L’administration Obama, donc, ne change pas la stratégie visant à la destruction de l’État cubain. Elle ne change que la façon de la réaliser. Il n’y aura pas de nouveau débarquement type celui de la Baie des Cochons, effectué en 1961, sous la présidence du démocrate Kennedy, par des contre-révolutionnaires cubains entraînés et financés par la CIA. Il y aura, sous la présidence du démocrate Obama, un débarquement d’organisations « non-gouvernementales » (émanation de la CIA et du département d’État), envoyées par Washington pour « des projets humanitaires de soutien au peuple cubain ». Le Congrès des États-Unis —souligne le document de la Maison-Blanche— a attribué d’importants « fonds pour la programmation de la démocratie à Cuba, finalisés pour fournir de l’assistance humanitaire, promouvoir les droits humains et les libertés fondamentales, soutenir le libre flux d’informations, encourager les réformes dans nos contacts à haut niveau avec des fonctionnaires cubains ». Seront en particulier financées « les activités de fondations privées et d’instituts de recherche et d’instruction ».
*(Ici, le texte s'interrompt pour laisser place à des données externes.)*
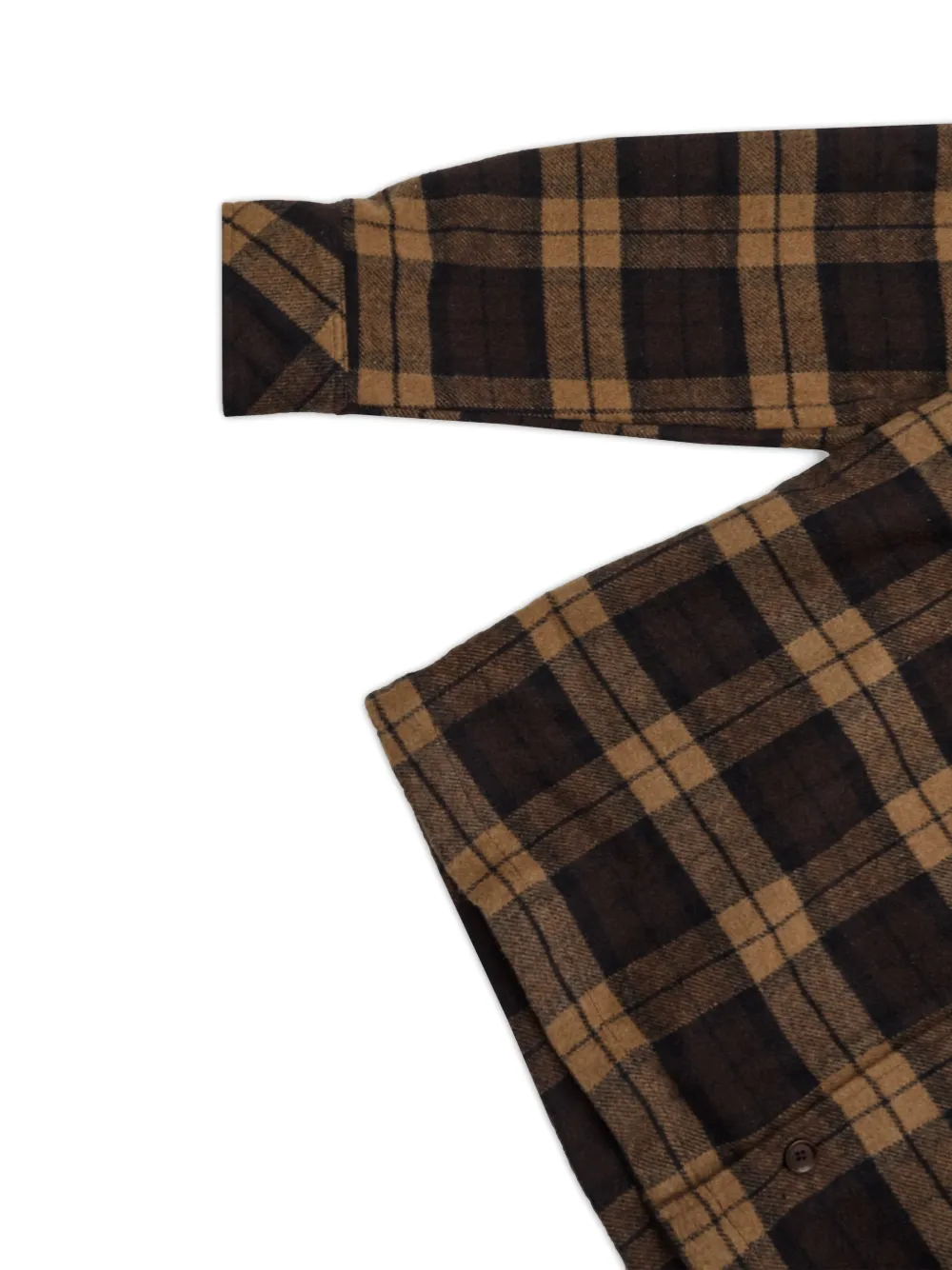 Samsoe Samsoe Sacastor Check Shirt - Brown 
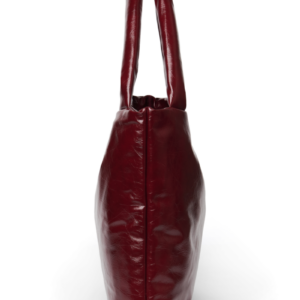 Mom Bag - Burgundy Vegan Leather - Studio Noos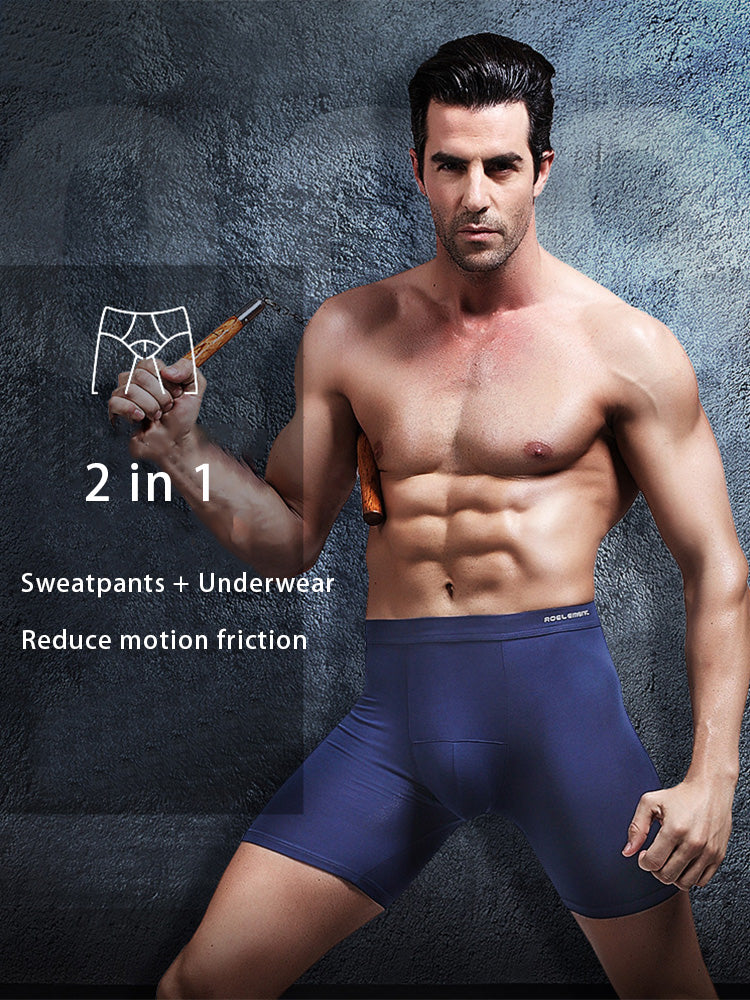 3 Pack Men's High-Stretch Anti-Chafing Quick-Dry Midway Briefs | dmunderwear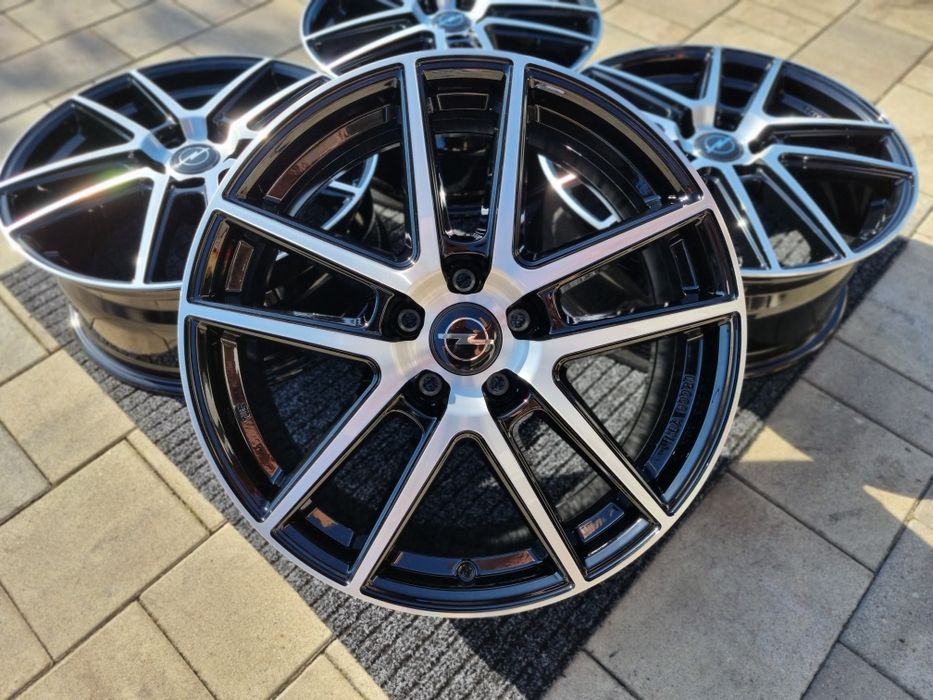 Opel 18" Nowe felgi alu 5x108 Astra Zafira Combo Grandland X Vivaro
Avec les organisations « non-gouvernementales » aux poches pleines de dollars, débarqueront les multinationales étasuniennes qui, écrit le New York Times, sont en train de constituer une « tête de pont » pour pénétrer avec leurs capitaux dans l’économie cubaine, en visant le secteur des biotechnologies (très développé à Cuba), celui des mines (surtout de nickel dont Cuba possède une des plus grandes réserves du monde), le secteur hôtelier et touristique aux grosses potentialités. Le défi qu’a devant lui le peuple cubain est comment empêcher que les conquêtes de la révolution ne soient annulées par la nouvelle offensive menée par Washington avec des outils non moins dangereux que les précédents. Aujourd’hui la situation est plus favorable pour Cuba : une grande partie de l’Amérique latine n’est plus « l’arrière-cour des États-Unis » et Cuba, avec le Venezuela (objet de nouvelles sanctions états-uniennes) et d’autres pays, a donné vie à l’Alliance bolivarienne pour les Amériques (Alba).
Décisive sera donc une nouvelle génération qui, à Cuba, continue la révolution, en faisant échouer le plan de Washington de démolir l’État socialiste au nom d’une « indépendance du peuple cubain », qui serait une nouvelle dépendance à l’impérialisme états-unien.